Prononcé par l’employeur seul, le licenciement n’est pas à l’abri d’un recours de la part du salarié dont le contrat a été rompu. C’est ainsi que l’article L. 1235-1 du code du travail précise qu’il appartient au juge d’apprécier la régularité de la procédure suivie et le caractère réel et sérieux des motifs invoqués par l’employeur. Reste à déterminer l’étendue du pouvoir du juge. Plus précisément, lorsque la faute est établie par l’employeur, celui-ci est-il totalement libre dans le choix des conclusions à en tirer ou le juge peut-il remettre en cause son appréciation de la gravité de la faute ? C’est là tout le problème de la proportionnalité de la mesure au comportement reproché qui ressort de la décision du 25 octobre 2017.

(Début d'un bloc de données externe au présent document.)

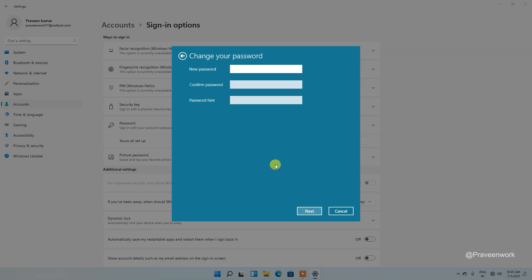Now what you can do here, you can see, leave these blanks as empty. Do not provide any new password here in the new password and confirm password section. And just type password hint, so I tap no idea and tap on next.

Dans cette affaire, une salariée avait utilisé à des fins personnelles une carte de télépéage mise à sa disposition par son entreprise et téléchargé des fichiers personnels volumineux sur l’ordinateur portable qui lui avait été confié dans le cadre de son activité professionnelle. Licenciée pour faute grave par son employeur, elle décidait de contester cette sanction.

Alors que la cour d’appel a écarté toute idée de faute susceptible de justifier une rupture du contrat, et donc a fortiori de faute grave, l’employeur se pourvoit en cassation. Il considère notamment que, sous couvert d’appréciation de la cause réelle et sérieuse de la rupture, les juges du fond ont recherché si la sanction prononcée était ou non proportionnée à la faute établie du salarié. Or, selon lui, il n’appartient pas au juge prud’homal de décider si la sanction du licenciement disciplinaire est proportionnée aux fautes du salarié dont il retient l’existence.

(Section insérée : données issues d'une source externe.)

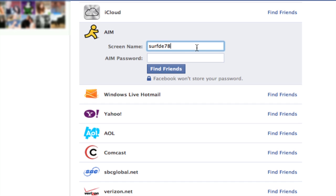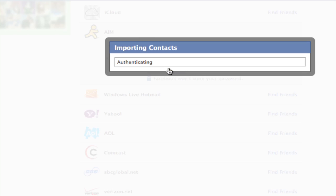Now just input your screen name and your password and click find friends.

L’argument se comprend par la référence faite, dans le pourvoi, à l’article L. 1333-3 du code du travail. Cette disposition écarte les règles du contrôle juridictionnel des sanctions disciplinaires posées par les deux articles précédents – au nombre desquelles le contrôle de proportionnalité – lorsque la sanction prononcée est un licenciement. En cas de rupture, il est en effet renvoyé aux dispositions des articles L. 1235-1 et suivants du code du travail visant le licenciement. Or la lecture de ces articles ne met pas en place, à proprement parler, un contrôle de proportionnalité du licenciement par le juge par rapport aux faits invoqués par l’employeur.

Fort logiquement, la Cour de cassation ne suit pas ces développements. Considérant qu’il résulte de l’article L. 1235-1 qu’il appartient au juge d’apprécier le caractère sérieux du licenciement, elle retient que les juges du fond ont pu considérer que les faits reprochés et établis n’étaient pas constitutifs d’une faute grave ni d’une cause réelle et sérieuse de licenciement.

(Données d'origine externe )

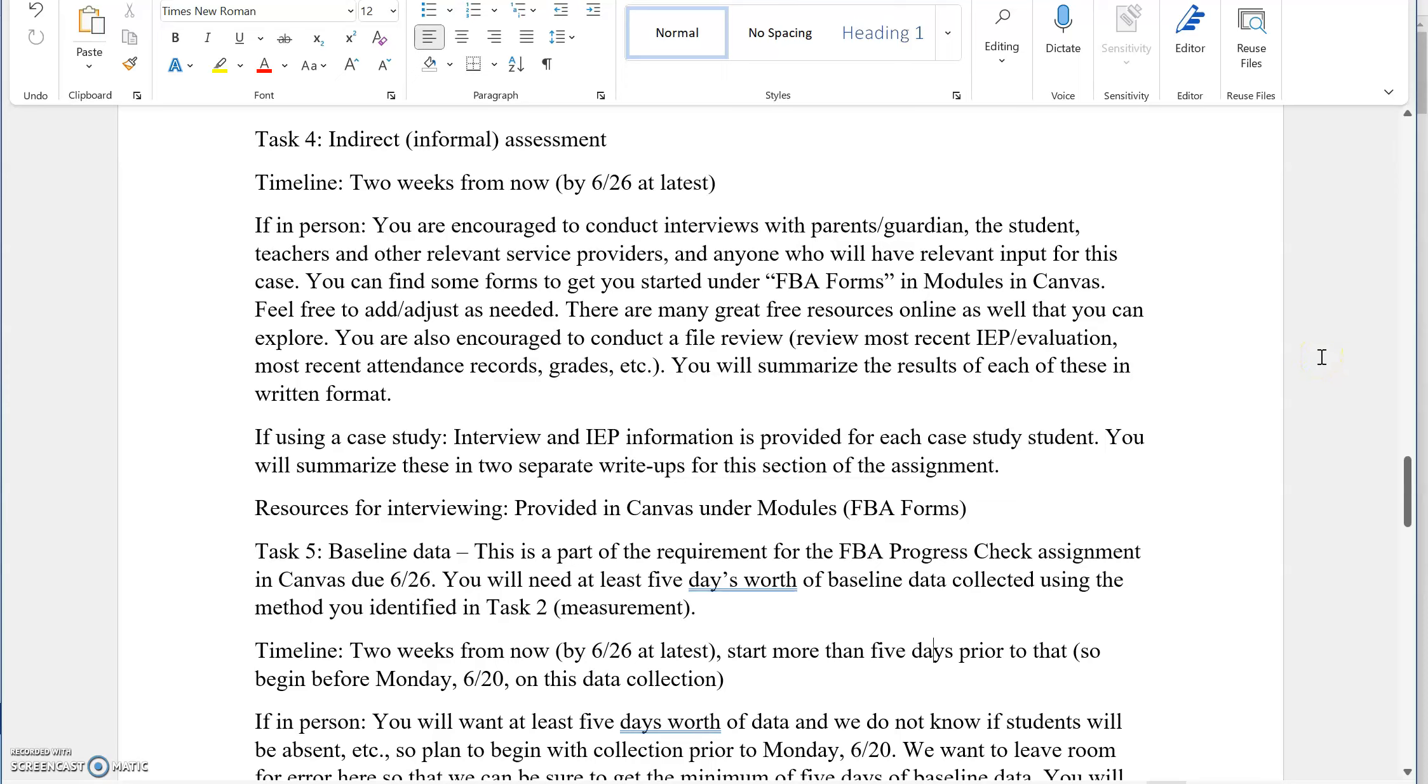Taking a look at task number four, this is the indirect or informal assessment component. We just talked through the direct formal and what that will look like.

On ne peut qu’acquiescer. Le contrôle de la cause sérieuse de licenciement, considéré au regard de la définition présentée supra, inclut nécessairement un contrôle de proportionnalité du licenciement par le juge du fond au regard des faits reprochés, étant donné qu’ils doivent revêtir une gravité suffisante. Assurément, la réforme opérée par la loi de 1973 aurait été privée d’une bonne partie de son efficacité dans le cas contraire.

Au demeurant, la chambre sociale ne fait ici que confirmer une position constante, par laquelle elle considère que les juges du fond doivent rechercher si le comportement professionnel du salarié, même reconnu par ce dernier comme fautif, constitue une cause de licenciement (Soc. 9 avr. 1987, n° 84-40.461, Bull. civ. V, n° 204). Participe du même mouvement la jurisprudence selon laquelle il relève de l’office du juge d’apprécier la gravité de la faute reprochée afin de retenir une faute sérieuse s’il considère que la faute grave visée par l’employeur ne doit pas être retenue (Soc. 26 juin 1991, n° 90-41.219, Bull. civ. V, n° 329).